City of London police said the matter was being assessed after a complaint from Elsie Owusu, who is campaigning to become RIBA’s first black president, over a property deal conducted by the organisation in 2013.
Under the deal, £21 million was borrowed from Lloyds to lease and refurbish 76 Portland Place, next door to RIBA’s listed headquarters in central London, in order to accommodate staff and allow 66 Portland Place, its historical home, to be used for exhibitions and events.
The loan was repaid after RIBA sold a £31.8 million stake in its commercial arm to a subsidiary of Lloyds last month.
Last year, however, Alan Vallance, the organisation’s chief executive, admitted in an email that £1.1 million of the refurbishment costs could not be properly accounted for.
“I cannot guarantee that the £1.1 million could be fully itemised,” Vallance wrote. “Part of the problem has been the way in which financial expenditure has been captured during the project . . . record-keeping has been poor.”

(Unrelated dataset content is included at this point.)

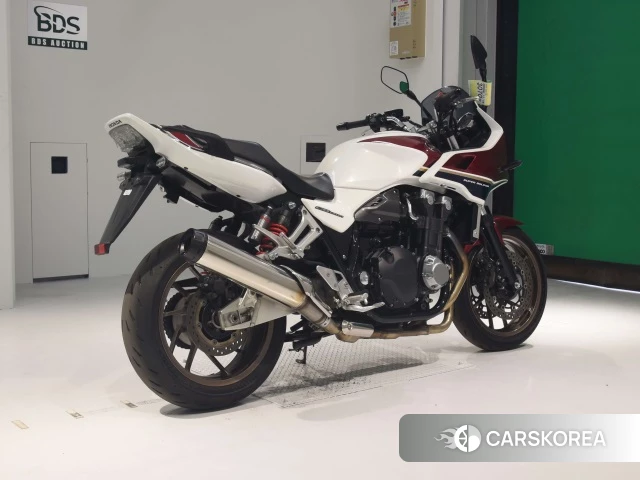 Проданный Honda CB1300SF BOLDOR 2020 из Японии, фото 2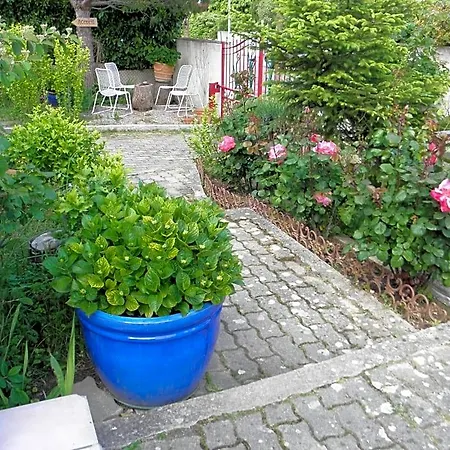 Le Beausejour Frühstückspension 3*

According to The Times, Owusu was sent a cease and desist letter this month to prevent her making “damaging public statements” after she questioned the salary paid to Vallance — at least £180,000 a year — and claimed it amounted to six times the average annual wage earned by an architect.
Kerr Robertson, the institute’s honorary secretary, said Owusu’s comments were a “flagrant breach of confidentiality” and accused her of violating guidelines “in a serious and repeated fashion” by talking to the press.
Owusu had previously claimed RIBA was institutionally racist and resorted to “Weinstein-like gagging clauses” to silence detractors.
“The missing £1.1 million is part of a much larger concern and if something isn’t done we’ll be back where we started and sailing close to the wind financially,” said Owusu.
“That money would have been much better spent supporting students — many of whom emerge with £100,000 in debt — and the regions, rather than maintaining an expensive building that members don’t have access to when 66 Portland Place sits empty like a morgue.”
RIBA denied any fraud had taken place.
“At RIBA we take great care to manage our finances wisely in accordance with our charitable purpose and to the benefit of members, society and the communities we serve,” Vallance stated. “RIBA’s accounts are reviewed annually by external auditors who have at no point found any unaccounted for improper transactions as part of our accounts.”